● **PROMPT**:
The listing below is to be copied exactly, with pictures excluded.

● **RECORDS FOR PROCESSING**:
====
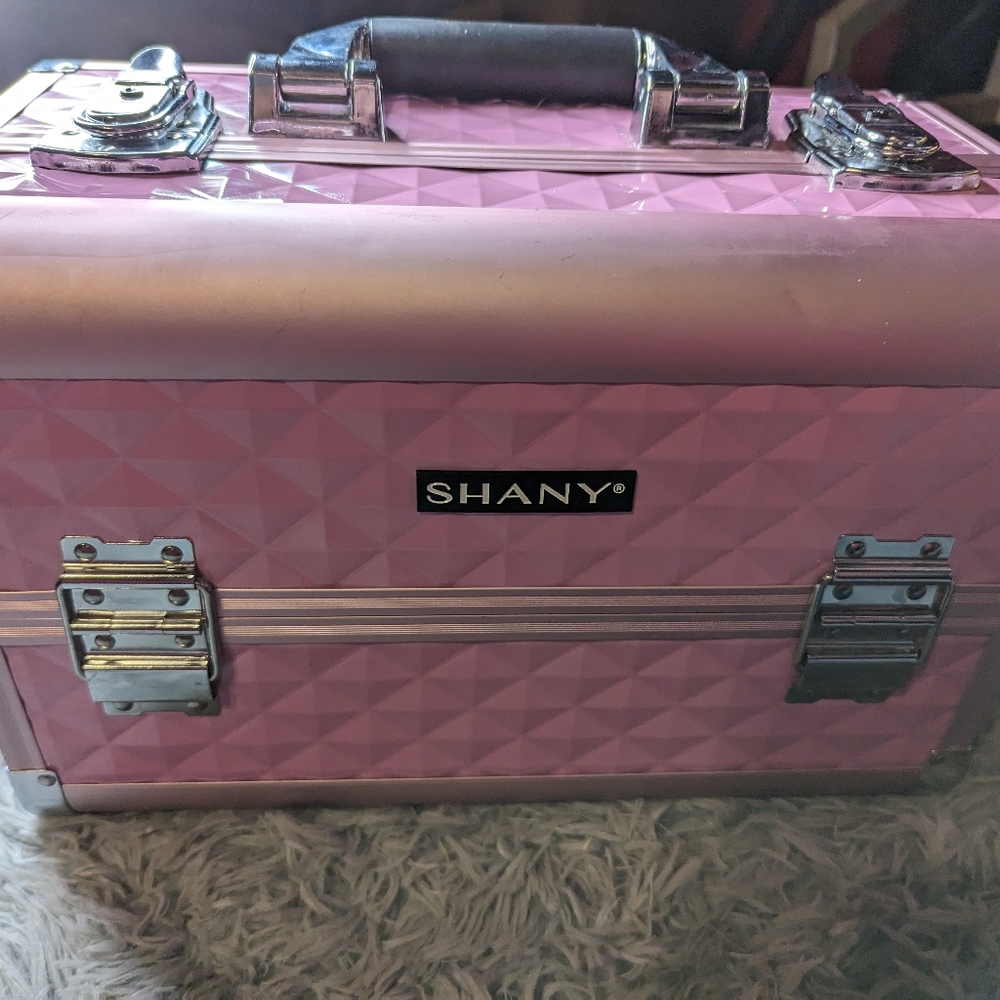 Shany pink cosmetic case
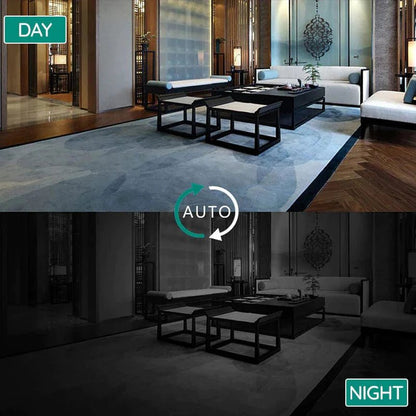 Compact Wi-Fi Security Camera with Infrared Night Vision for Indoor Home Monitoring | Motion Detection Alerts | Live Remote Viewing on Smart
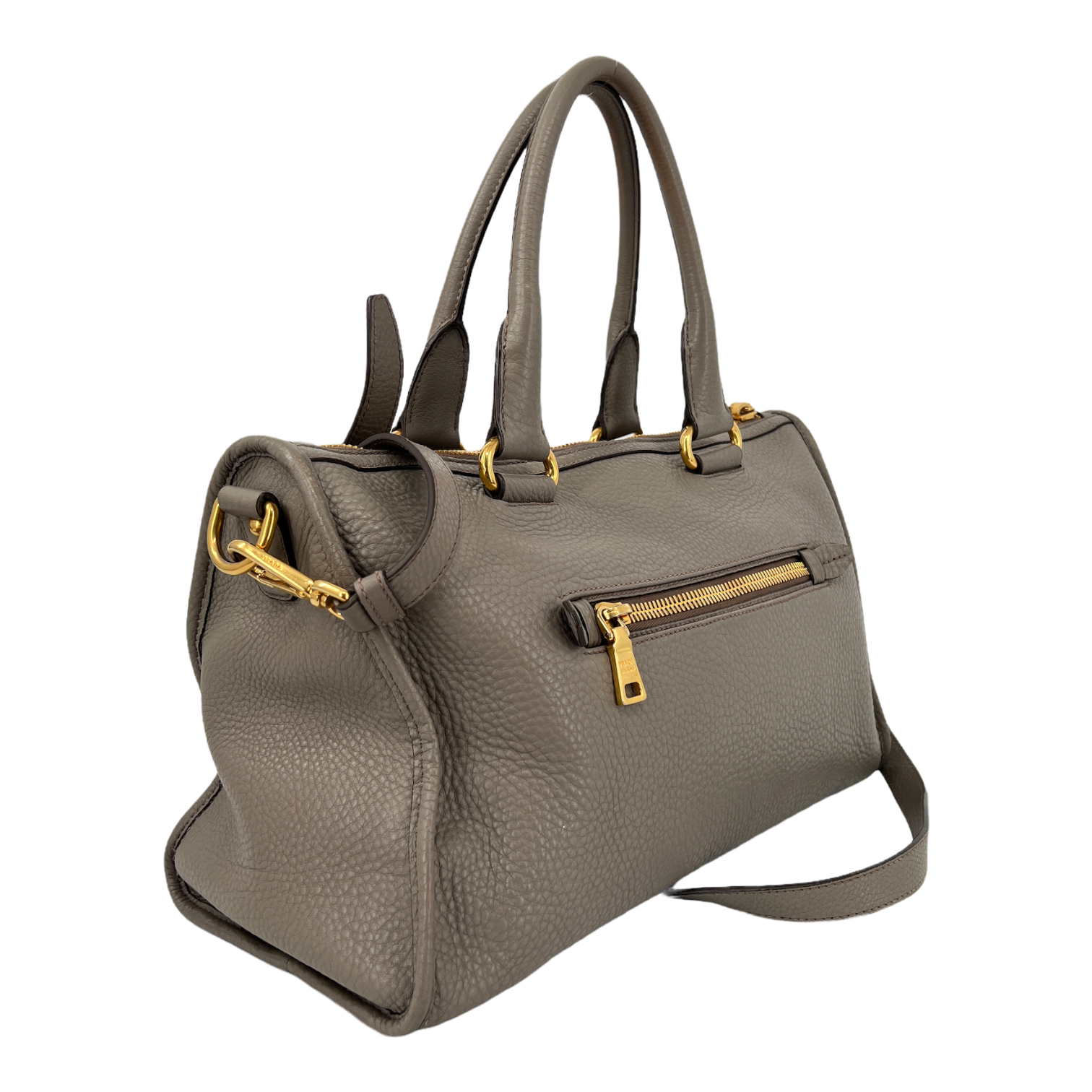 Grey Vitello Daino Bag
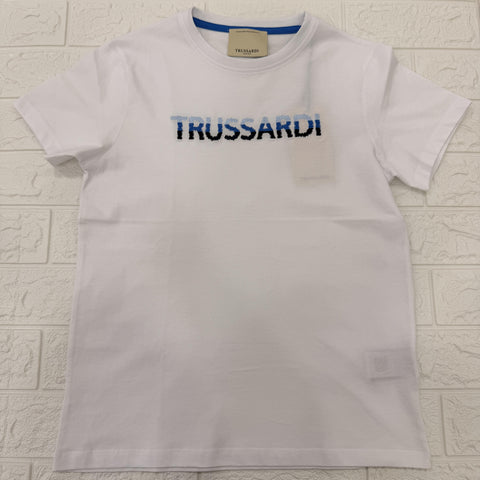 T-SHIRT IN COTONE TBP26073TS WHITE TRUSSARDI 
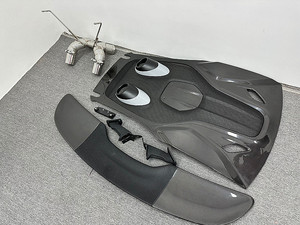 Para <span class=keywords><strong>McLaren</strong></span> 540C 570S, se actualiza con un capó de fibra de carbono estilo <span class=keywords><strong>600LT</strong></span> y escape trasero. - Product Image 4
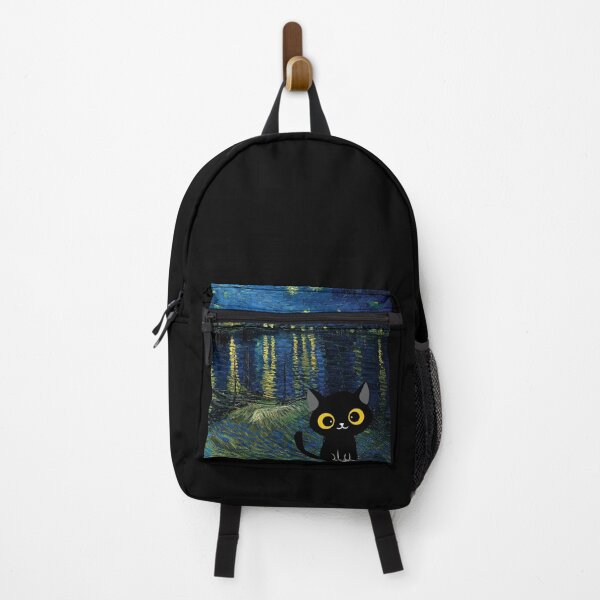 Item preview, Van Gogh Cat Starry Night Van Gogh Cat Lovers designed and sold by PurrfectHome.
====
● **RESPONSE TO THIS EXERCISE**:
 Shany pink cosmetic case
 Compact Wi-Fi Security Camera with Infrared Night Vision for Indoor Home Monitoring | Motion Detection Alerts | Live Remote Viewing on Smart
 Grey Vitello Daino Bag
 T-SHIRT IN COTONE TBP26073TS WHITE TRUSSARDI 
 Para <span class=keywords><strong>McLaren</strong></span> 540C 570S, se actualiza con un capó de fibra de carbono estilo <span class=keywords><strong>600LT</strong></span> y escape trasero. - Product Image 4
 Item preview, Van Gogh Cat Starry Night Van Gogh Cat Lovers designed and sold by PurrfectHome.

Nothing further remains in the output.